--- Exercise material ---

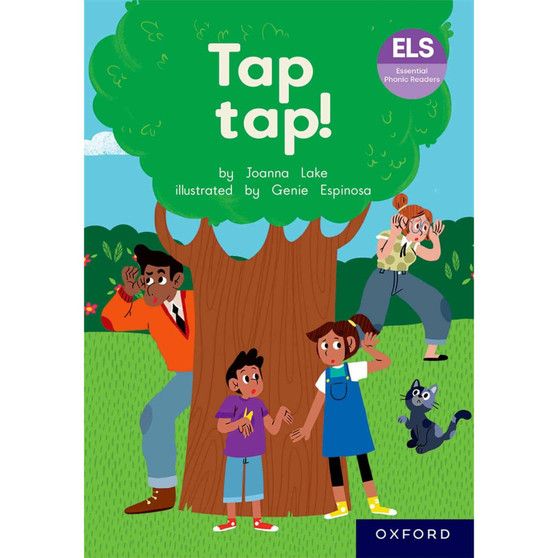 ELS Essential Phonic Reader Week 1 Unit 1: Tap tap! - ISBN 9780190754785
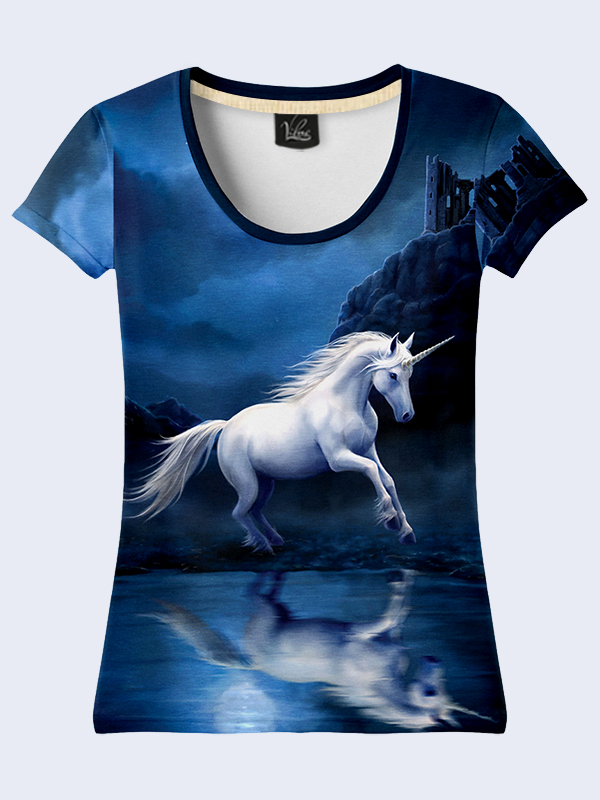 

Футболка Белый единорог (2154) Vilno XS (42) 000037232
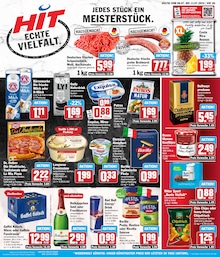 Aktueller HIT Supermärkte Prospekt für Bad Honnef: ECHTE VIELFALT mit 16} Seiten, 08.07.2024 - 13.07.2024
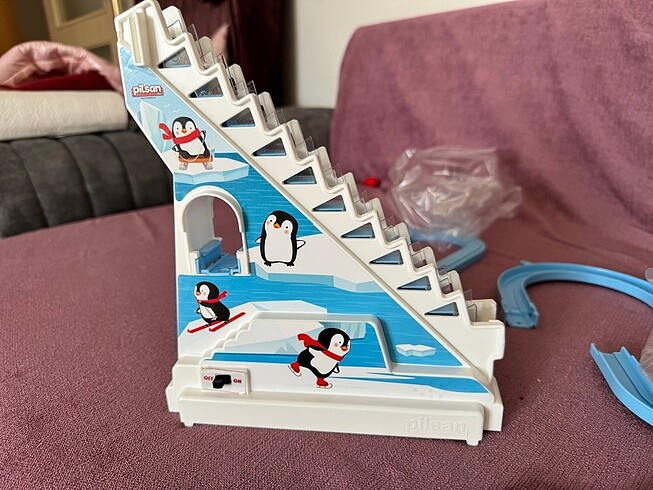 Beden Renk Funny penguins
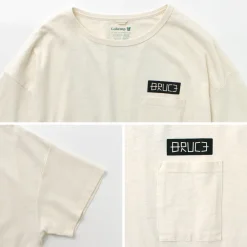 GOHEMP T-Shirts^/ NC Mono Tone Wide Poket Tee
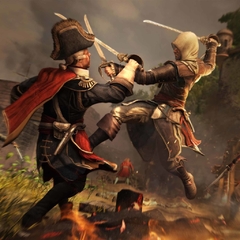 ASSASSIN'S CREED IV BLACK FLAG PS4 DIGITAL SECUNDARIA - FluoGames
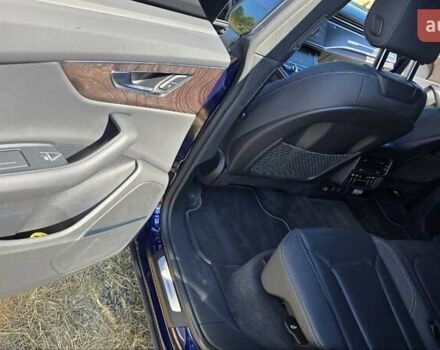 Синій Ауді Q8, об'ємом двигуна 3 л та пробігом 83 тис. км за 55000 $, фото 15 на Automoto.ua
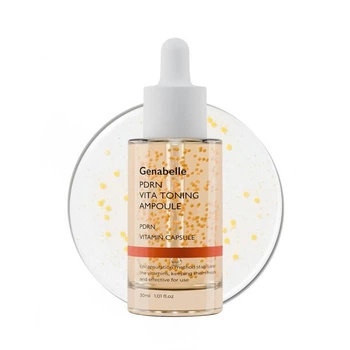 Омолоджуюча сироватка з полінуклеотидами Genabelle PDRN Vita Toning Ampoule 30 ml Travel Size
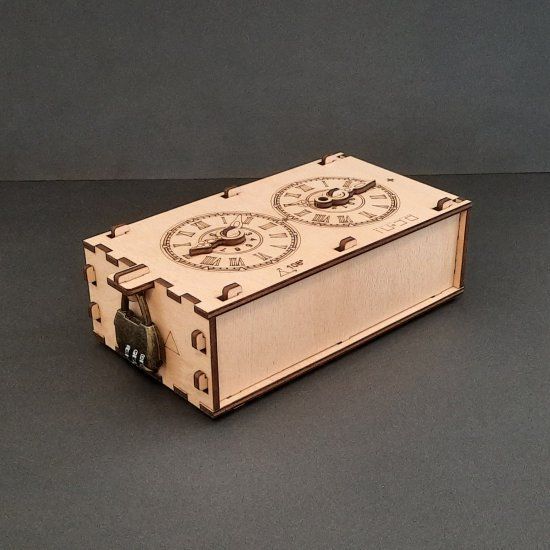 Rätsel-Geschenkbox Chronos | Kaufen auf Ricardo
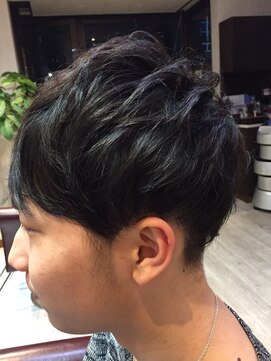 ヘアー ハンス(hair HANS) メンズパーマスタイル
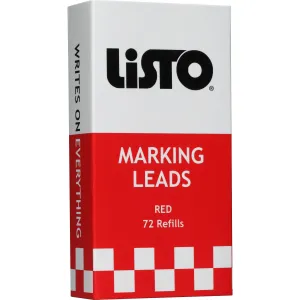 Listo Marking Pencil Refills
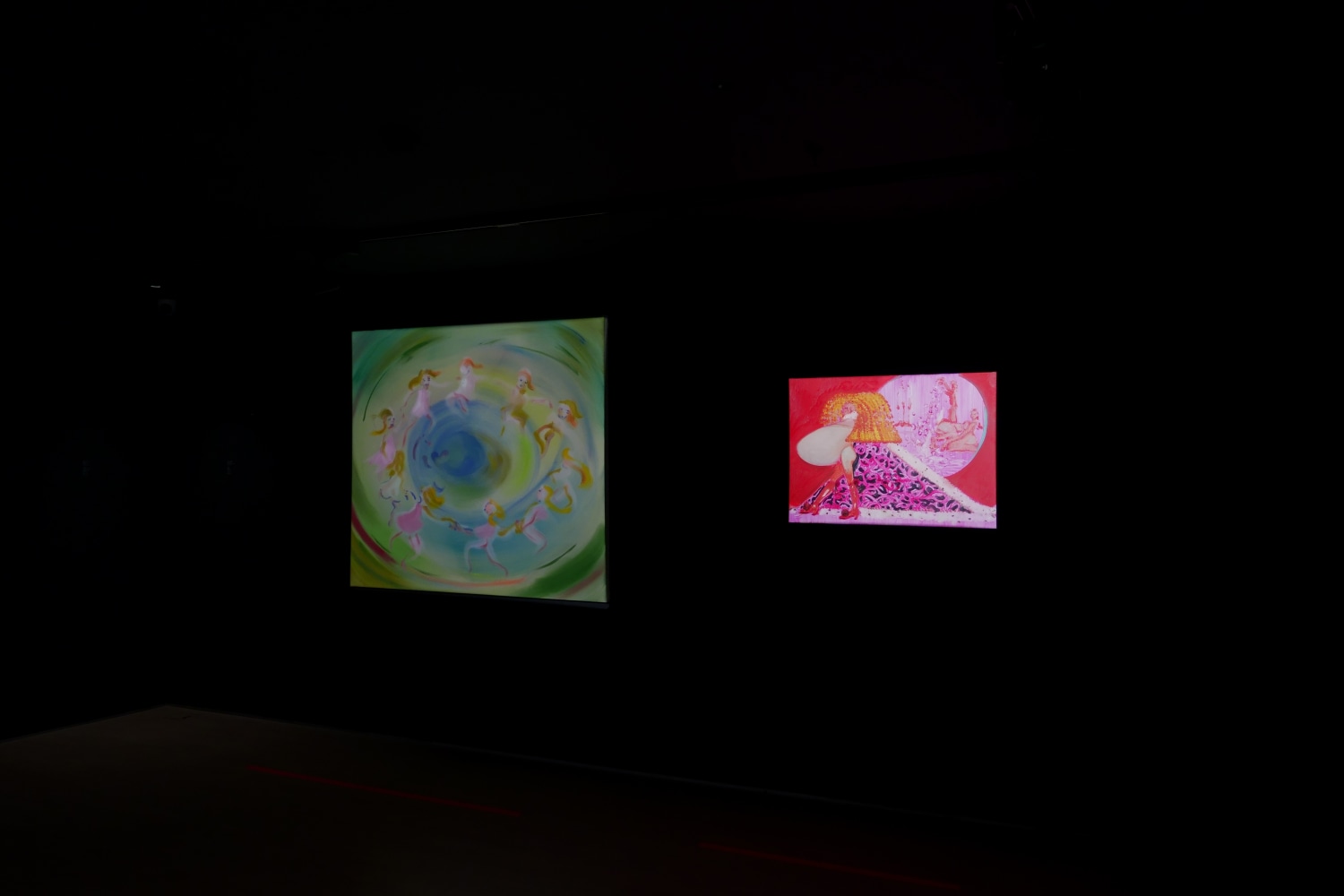 Installation views, Sofia Mitsola, Siren Song, Sixi Museum, Nanjing, 2024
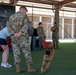 Four-Legged Defenders on Duty: 39th SFS Showcases Mission Readiness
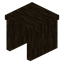 Dark Oak Covered Desk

---

Task requirements
Every record, word for word, should be given back without its pictures.

Answer section
 ELS Essential Phonic Reader Week 1 Unit 1: Tap tap! - ISBN 9780190754785

Футболка Белый единорог (2154) Vilno XS (42) 000037232
 Aktueller HIT Supermärkte Prospekt für Bad Honnef: ECHTE VIELFALT mit 16} Seiten, 08.07.2024 - 13.07.2024
 Beden Renk Funny penguins
 GOHEMP T-Shirts^/ NC Mono Tone Wide Poket Tee
 ASSASSIN'S CREED IV BLACK FLAG PS4 DIGITAL SECUNDARIA - FluoGames
 Синій Ауді Q8, об'ємом двигуна 3 л та пробігом 83 тис. км за 55000 $, фото 15 на Automoto.ua
 Омолоджуюча сироватка з полінуклеотидами Genabelle PDRN Vita Toning Ampoule 30 ml Travel Size
 Rätsel-Geschenkbox Chronos | Kaufen auf Ricardo
 ヘアー ハンス(hair HANS) メンズパーマスタイル
 Listo Marking Pencil Refills
 Installation views, Sofia Mitsola, Siren Song, Sixi Museum, Nanjing, 2024
 Four-Legged Defenders on Duty: 39th SFS Showcases Mission Readiness
 Dark Oak Covered Desk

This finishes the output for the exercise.